Mahaney has a good track record too on picking stocks. According to TipRanks.com, Mahaney is a top 25 analyst with an average return of 16.3% and a 56% success rate. (Source: “Mark Mahaney,” TipRanks, last accessed February 18, 2016.)
Let’s see how Priceline’s stock might get to $1,700.
The company is still significantly growing. In the most recent quarter, gross profit was $1.9 billion, a 12% increase from the previous year. About 90% of Priceline’s revenue comes from outside of the U.S. If it wasn’t for the strong U.S. dollar, gross profit would have been higher. According to Priceline, on a constant currency basis, gross profit would have increased 23% over the previous year. (Source: “The Priceline Group Reports Financial Results for 4th Quarter and Full-Year 2015,” Priceline Group, February 17, 2016.)
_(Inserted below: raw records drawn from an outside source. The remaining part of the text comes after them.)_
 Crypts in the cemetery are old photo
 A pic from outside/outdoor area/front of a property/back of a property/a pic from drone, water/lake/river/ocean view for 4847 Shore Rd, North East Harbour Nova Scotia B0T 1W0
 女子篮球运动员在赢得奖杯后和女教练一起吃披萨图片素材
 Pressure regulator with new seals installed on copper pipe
Adjusted net income for the fourth quarter was $641 million, a jump of 11% over the previous year, and for full-year 2015, gross travel bookings increased 10% to 55.5 billion.
The numbers are looking good for Priceline in 2016 as well. For the upcoming first quarter, Priceline expects total gross travel bookings to increase about 12%–19% year-over-year (about 18%–25% on a constant currency basis) and revenue to increase about nine percent to 16%. That kind of growth should be enough to convince investors to take a closer look at Priceline stock.
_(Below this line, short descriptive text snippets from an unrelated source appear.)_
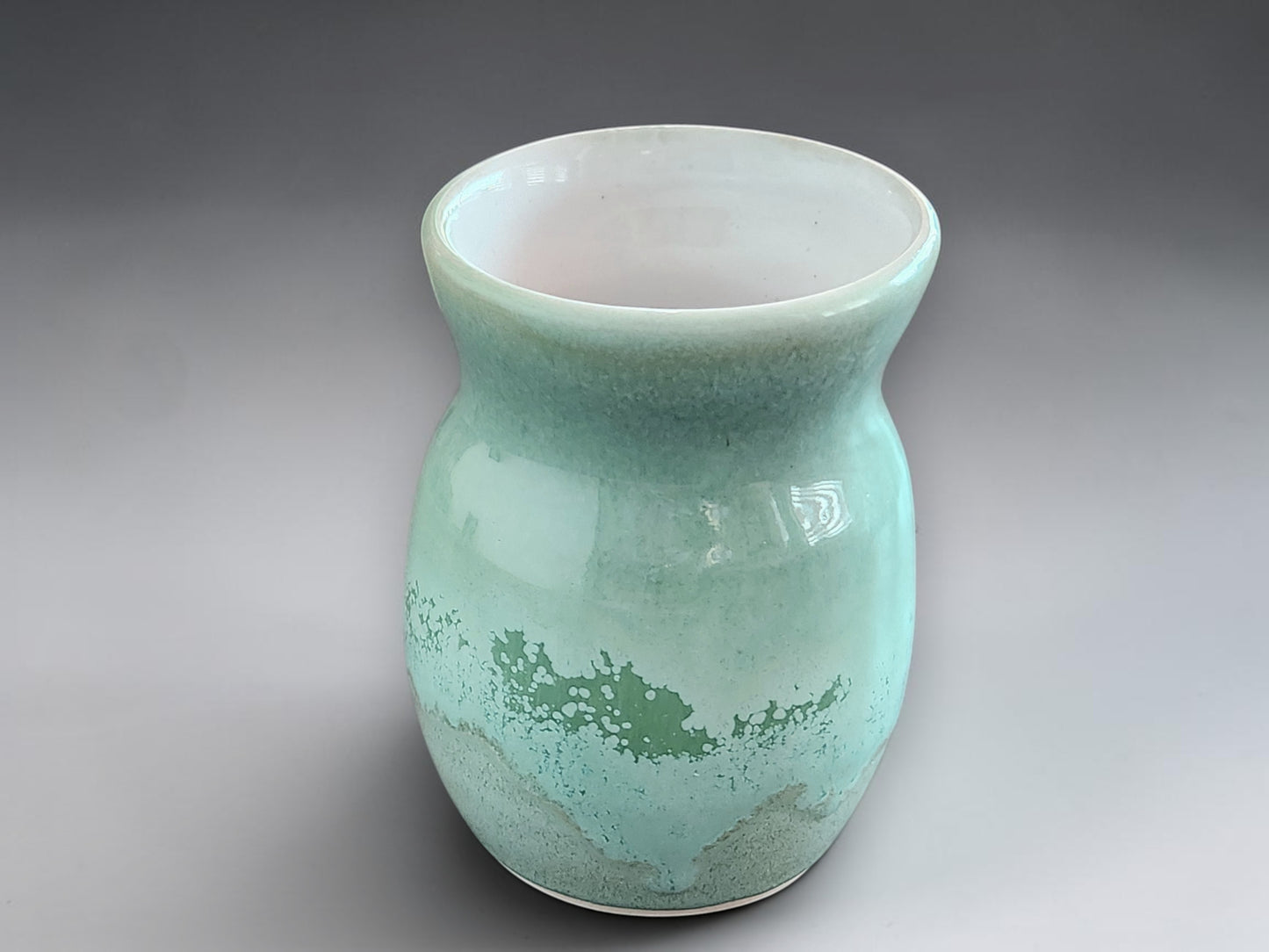 Unique handmade Australian ceramic vase in soft aqua tones
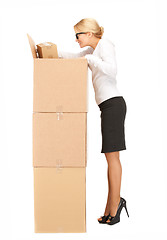 Image showing businesswoman with big boxes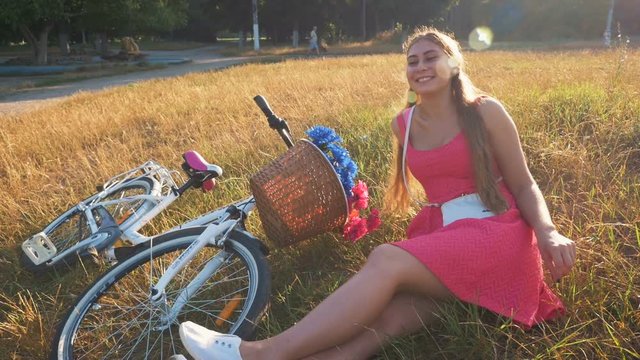 Young attractive girl sitting on grass with vintage bike in park at sunset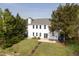 Spacious backyard featuring a well-maintained lawn, patio, and stairs leading to yard for outdoor enjoyment at 512 N Waters Edge Dr, Durham, NC 27703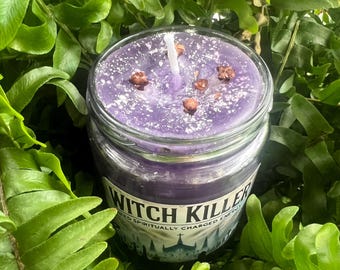 May include: A jar candle with a purple wax and a white wick. The candle is decorated with small brown pieces and white specks. The label reads "Witch Killer" with a church silhouette.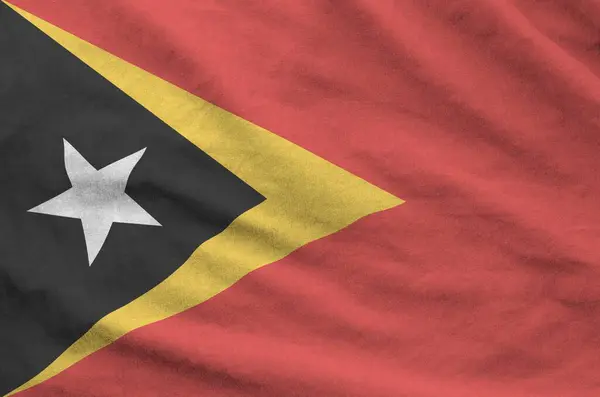 stock image Timor Leste flag depicted on folded wavy fabric of old cloth close up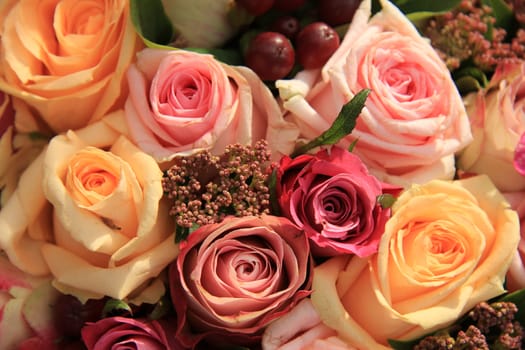 Pastel roses in different shades of pink in a bridal arrangement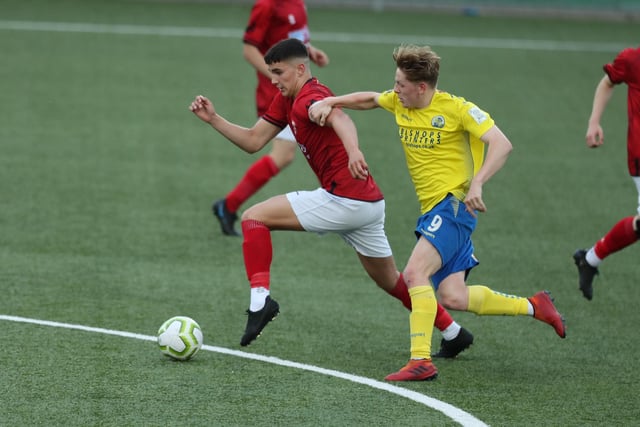 Hawks' Liam Brewer and Camberley's Ollie West. Picture by Dave Haines.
Going forward, Priceline is making a push into the Chinese market. The company has pumped almost $2.0 billion into Ctrip.com International Ltd. (NASDAQ:CTRP). Priceline accounts for about 15% of Ctrip’s public stock float. (Source: “The Recent Drop In Priceline Stock Creates A Buying Opportunity,” Amigobulls, February 11, 2016.)
Ctrip is China’s largest online travel discount site, accounting for about 50% of the total Chinese market. Revenue in the trailing 12 months are approximately $10.0 billion, almost double the amount from a year ago. (Source: Ibid.)
China’s growing middle class and increasing disposable income has made China one of the largest travel markets in the world. The market is expected to grow in the double digits to reach $75.0 billion by 2017. (Source: “A Majority of the Analysts Have a ‘Buy’ Rating on Priceline,” Yahoo! Finance, February 18, 2016.)
Priceline is also tapping into China on its own. Its largest brand, Booking.com, saw its Chinese properties grow from 8,000 to 25,000 in 2015. The Chinese market should start to contribute significantly to Priceline’s top-line growth.
Speaking of Booking.com, it is Priceline’s biggest advantage over rival Expedia Inc (NASDAQ:EXPE). Booking.com is the world’s largest travel booking site. As such, it accounts for the majority of Priceline’s revenue. In the third quarter of 2015, Booking.com had more than 820,000 bookable properties, growing 38% over the previous year. By comparison, Expedia has only 271,000 bookable properties. Booking.com’s sizeable moat provides a competitive advantage over rivals, as it attracts the most visitors.
The Bottom Line on PCLN Stock
Priceline is still growing significantly, even in the headwinds of a strong U.S. dollar. With its push into China and sizeable moat, investors might want to take a closer look at PCLN stock.